Adopted by Emily in 1923, Woo was like the child she never had. Woo was separated from her own mother at a very young age and needed a maternal relationship. She often acted out if she didn’t feel she was getting enough attention. She would urinate in Emily’s shoes, or eat her paints, and became deathly ill on several occasions. Emily would dress her up in frilly girls clothing and take her in a baby carriage along the streets of Victoria, exciting the children, and inciting the disparagement of her local middle-class contemporaries.
Sadly, Emily suffered a heart attack and a stroke, and was unable to look after her friends. Woo was dispatched to the Stanley Park Zoo in Vancouver, where she would throw herself from side to side in her cage. She died a year later, confined, and devastated by the separation after almost 20 years together.
Rewards
Carr’s career was mediocre and her accomplishments lean, until a turning point in 1927 when she received an invitation to participate in an exhibition of Canadian West Coast Art – Native and Modern, which was being hosted in Ottawa. Amongst a group of peers which included First Nations artists, as well as members of the Group of Seven – Canada’s most notable artists of the time, Carr would feature the most significant number of pieces – 26 paintings, several pieces of pottery decorated with Indigenous-styled artwork, and four hooked rugs. She was 56-years-old.
This show, and her resulting association with the Group of Seven, in particular, Lawren Harris, would be the catalyst that inaugurated her place in Canadian history.

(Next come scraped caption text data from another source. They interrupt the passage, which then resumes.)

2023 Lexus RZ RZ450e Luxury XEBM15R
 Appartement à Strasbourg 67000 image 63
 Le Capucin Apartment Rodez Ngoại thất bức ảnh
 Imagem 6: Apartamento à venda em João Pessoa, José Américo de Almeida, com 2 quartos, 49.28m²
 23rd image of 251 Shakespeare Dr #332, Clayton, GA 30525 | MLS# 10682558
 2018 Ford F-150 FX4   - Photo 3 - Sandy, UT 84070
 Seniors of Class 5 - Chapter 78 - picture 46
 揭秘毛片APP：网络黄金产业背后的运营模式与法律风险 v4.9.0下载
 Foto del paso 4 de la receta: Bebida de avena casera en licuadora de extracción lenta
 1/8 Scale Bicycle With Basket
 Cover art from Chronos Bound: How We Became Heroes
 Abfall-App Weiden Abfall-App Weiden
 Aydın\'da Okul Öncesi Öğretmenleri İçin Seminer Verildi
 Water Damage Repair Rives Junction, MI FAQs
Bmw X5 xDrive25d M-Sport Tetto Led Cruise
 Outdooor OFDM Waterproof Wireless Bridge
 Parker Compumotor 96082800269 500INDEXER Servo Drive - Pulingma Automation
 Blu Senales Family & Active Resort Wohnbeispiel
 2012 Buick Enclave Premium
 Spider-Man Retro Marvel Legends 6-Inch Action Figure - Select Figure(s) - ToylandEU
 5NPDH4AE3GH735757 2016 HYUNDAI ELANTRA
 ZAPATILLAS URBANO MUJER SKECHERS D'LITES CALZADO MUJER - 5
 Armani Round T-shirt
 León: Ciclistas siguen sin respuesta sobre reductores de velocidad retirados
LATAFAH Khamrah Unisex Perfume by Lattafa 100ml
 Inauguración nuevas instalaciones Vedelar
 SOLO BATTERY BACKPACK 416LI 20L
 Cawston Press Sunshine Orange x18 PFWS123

She returned to her First Nations sketches from 1912. She had found the spiritual connection to her work, and for the next 15 years, would devote herself to the collection of totems and Indigenous representations for which she is acclaimed.
Redemption
On March 2, 1945, Emily Carr passed into her next life. Before she died, she spent the last few years of her life writing short stories and memoirs, Klee Wyck, The Book of Small, The House of All Sorts and Growing Pains – stories of her real-life experiences.
It has been “suggested” on occasion, that she plagiarized the traditional First Nations culture – a form of cultural appropriation, so to speak. But to most, including the First Nations people she lived and worked amongst, she afforded the highest of honours – the embodiment of passion and sincerity; portraying the power of a culture so strong and captivating, she sought to immortalize it in her work. There can be no higher honour.
In 2013 and again in 2021, Emily Carr paintings were auctioned for more than $3 Million dollars each. Her books are considered classics. She is recognized as “a central figure obviously in West Coast art and Canadian art, but she can also be thought of as central to early modern North American art and to 20th century women painters worldwide,” says Robert Heffel, Vice-President of Heffel Canadian Fine Art Auction House. She was, and remains, an artist on the edge.